Not surprisingly, the Venezuelan, Cuban and Nicaraguan regimes have all publicly applauded USAID's demise under the new Trump Administration.
"If there is something we do agree on with the multi-billionaire Elon Musk," wrote Cuba's official workers' daily Trabajadores, "it is that USAID is a criminal organization and must disappear."

Guilarte, a Cuban-American who grew up in Miami, believes another government that’s celebrating is communist China — a key U.S. adversary that may be eager to fill the U.S. assistance void.
“This does not put ‘America first,’" Guilart said. "It puts the People’s Republic of China first.”
Many diplomats share that national and economic security concern in the U.S.'s own hemisphere. That's especially true in Central America, where five of the seven nations in recent years have dropped diplomatic relations with Taiwan in favor of Beijing, hoping to benefit from the infrastructure largesse of its global Belt and Road Initiative.
“Without USAID, the Chinese can come in and generate more friends and allies in the region in a way that they haven’t been able to do in the past, because AID has played such a prominent role doing this kind of [foreign aid] work," said Enrique Roig, a former Deputy Assistant Secretary of State for Democracy, Human Rights and Labor.

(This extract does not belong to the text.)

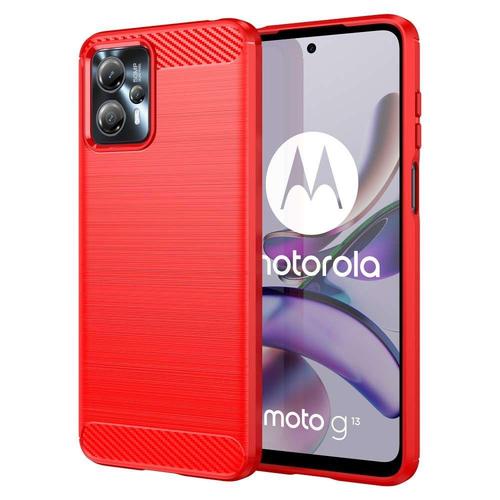 Coque Pour Motorola Moto G13 4g / G23 4g / G53 5g - Housse Etui Silicone Gel Carbone + Verre Trempe - Rouge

Roig, who a decade ago worked at USAID on security in Central America, also worries that without USAID efforts to steer youths away from gangs, more governments will resort to abusively authoritarian mass arrest campaigns like President Nayib Bukele’s in El Salvador — where 2% of the population is now behind bars.
Bukele insists that itself has brought down migration from El Salvador. But, Roig insists "that's not sustainable."
"You can’t build prisons forever, you can’t incarcerate your way out of the problem," he told WLRN. "You also need to invest in prevention and rehabilitation when it comes to how you deal with security.”

Secretary of State Rubio, however, is a big Bukele fan — a reality that only brings up another: that until now, Rubio has spent his entire political career promoting and applauding the work of USAID and U.S. foreign assistance as being quite closely aligned with U.S. strength.
Rubio, himself a Cuban-American from Miami, said back in 2013, for example:
“Obviously there's a component to foreign aid that's humanitarian in scope, and that's important...[But we] don’t have to give foreign aid. We do so because it furthers our national interests."
In 2017, he added:
"I promise you it's going to be a lot harder to recruit someone to anti-Americanism...if the United States of America is the reason they're even alive today."
Those past sentiments were a big reason Latin Americanists had hope that Rubio's appointment as Trump's top diplomat meant the U.S. would pivot more foreign policy attention to the region.
Instead, Trump has had Rubio assume control of a drastically gutted USAID, which Rubio now accuses of "rank insubordination" because some of its administrators have resisted the DOGE cuts. That is a legally questionable move since Congress created USAID as an independent agency that was to receive policy guidance from the State Department.
In fact, the Trump Administration's liquidation of USAID's projects and personnel is also legally and constitutionally questionable without a congressional green light.
It's a big reason Trump is locked in a federal court battle over $2 billion in foreign aid payments he froze in January — a struggle in which the U.S. Supreme Court last week ruled against him.
Which perhaps makes this Rubio statement from 2019, a reference to USAID's cost-effectiveness, more noticeable amid the DOGE frenzy:
"Anyone who tells you we can slash foreign aid and that will bring us to [budget] balance is lying to you, [because] foreign aid is less than 1% of our budget."
USAID may indeed represent a very small part of the U.S. outlay. But its supporters say it’s been proven to be a big part of the reason Latin Americans can stay home.